Mardi matin, à l'Université McGill, Justin Trudeau a fait valoir qu'il faudrait qu'«au moins» les deux tiers des Québécois votent en faveur de la souveraineté pour qu'un référendum soit valide. À l'Université de Montréal, en après-midi, M. Trudeau a déclaré que le fait que le Québec n'ait pas signé la Constitution est «un beau mythe».

«Si on est pour changer la Constitution canadienne et l'état de notre pays de façon aussi profonde, on devrait au moins exiger le même seuil que celui qui est nécessaire pour changer la constitution du parti néo-démocrate, qui est des deux tiers», a déclaré M. Trudeau, qui faisait référence à la position de Thomas Mulcair sur la clarté référendaire.

Interrogé ensuite à ce sujet par La Presse, M. Trudeau a nuancé un peu ses propos. Il a précisé qu'il est en fait d'accord avec la Cour suprême, qui exige une majorité claire. Pour le reste, «le niveau d'acceptation est une décision politique qui doit être prise en temps et lieu».

M.Trudeau a ajouté qu'il ne sait pas encore quel serait le taux acceptable. «Mais ce serait bien plus que 50 plus 1», pour tenir compte du taux de participation, qui pourrait influencer la réelle volonté populaire.

Toutefois, à la fin du point de presse, le candidat à la direction du Parti libéral du Canada est revenu sur le seuil des deux tiers exigé par la constitution du Nouveau Parti démocratique. Il a déclaré qu'il ne voit pas pourquoi Thomas Mulcair «exigerait moins pour changer la Constitution du Canada».

Le gouvernement péquiste n'a pas tardé à dénoncer ces déclarations. «Ce sont des propos qui divisent, des propos antidémocratiques», a affirmé le ministre des Affaires intergouvernementales, Alexandre Cloutier.

Selon lui, M. Trudeau s'inscrit «en complète contradiction avec les règles élémentaires des droits des peuples à l'autodétermination».

Cauchon dénonce ses popos

L'un des adversaires de M. Trudeau dans cette course, l'ancien ministre de la Justice Martin Cauchon, a aussi vertement dénoncé les propos du jeune député libéral.

Selon lui, M. Trudeau va carrément à l'encontre de la Loi sur la clarté en affirmant qu'une majorité des deux tiers serait nécessaire lors d'un référendum sur la souveraineté.

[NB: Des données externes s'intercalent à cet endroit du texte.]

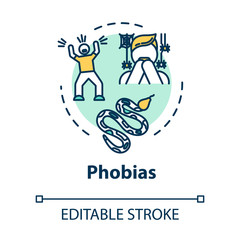 Phobias concept icon. Irrational fear reaction. Arachnophobia, herpetophobia. Mental disorder. Psychiatry idea thin line illustration. Vector isolated outline RGB color drawing. Editable stroke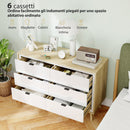 Cassettiera con 6 Cassetti 110x40x75 cm in Legno Bianco Lucido e Rovere      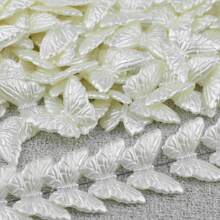 10/30/50/100pcs White Acrylic Beads With Butterfly, Heart, Clover, Water Drop Shapes, Perforated Spacer Beads For DIY Jewelry, Accessories, Hair Decoration, Earrings, Garments, Phone Chains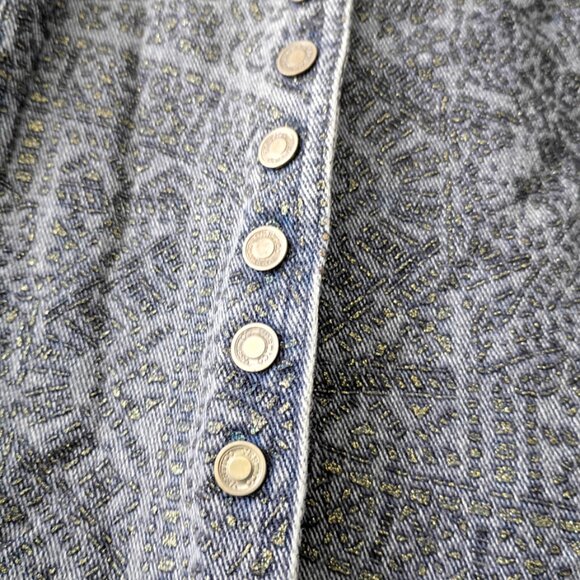 Vertigo Paris Designer Denim Jacket & Flared Pants Set – Grey Metallic Size M - Picture 3 of 12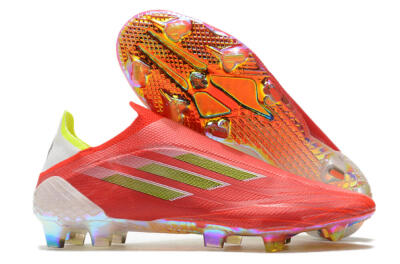 Men's Adidas X Speedflow+ Laceless FG Firm Ground Low-Tops Football Boots - Red/Yellow/Gold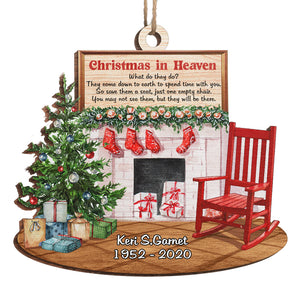 Christmas In Heaven - Memorial Personalized Custom Ornament - Wood Unique Shaped - Sympathy Gift, Christmas Gift For Family Members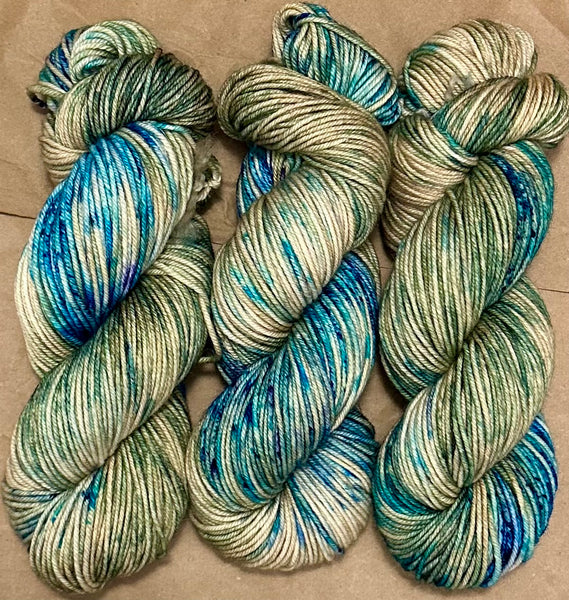 Hand Dyed Yarn "Glacial" Turquoise Teal Violet Blue Spruce Green Brown Tan Caramel Speckled Merino Worsted Superwash 210yds 192m 115g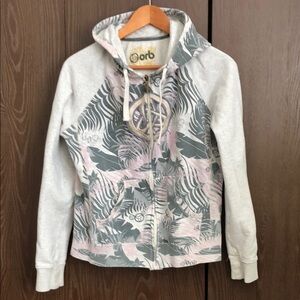 Vintage orb full zip hoodie girls L grey/pink leaves design thick #566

M. Cauchon parle en connaissance de cause, puisqu'il était à la table du cabinet de Jean Chrétien lorsque cette loi a été rédigée.

«Il n'y a jamais un politicien sur la scène fédérale jusqu'ici qui a qualifié le pourcentage nécessaire. La raison est très simple. C'est parce que la loi elle-même ne parle pas de pourcentage. Dans un souci de respecter la démocratie, les parlementaires fédéraux se sont réservé la possibilité d'analyser la question et la conjecture dans laquelle le vote serait pris et la majorité qui se serait exprimée», a affirmé M. Cauchon à La Presse.

«Ce qu'il a dit va carrément à l'encontre de la lettre et de l'esprit de la Loi sur la clarté. [...] Il est plutôt déconcertant, pour ne pas dire déboussolant, de voir un politicien fédéral qualifier le pourcentage requis quand on considère la Loi sur la clarté», a ajouté l'ancien ministre.

Un vieux débat, tout ça? Pas aux yeux des étudiants de l'Université de Montréal, qui ont rebondi en après-midi sur cette question des deux tiers.

À un étudiant qui expliquait par ailleurs à Justin Trudeau qu'il lui était difficile de se sentir canadien, puisque le Québec n'a pas adhéré à la Constitution canadienne, le candidat libéral a répondu: «C'est un beau mythe, ça, que le Québec ne soit pas signataire de l'Acte constitutionnel de 1982».

Cette déclaration a été accueillie par un éclat de rire des étudiants présents.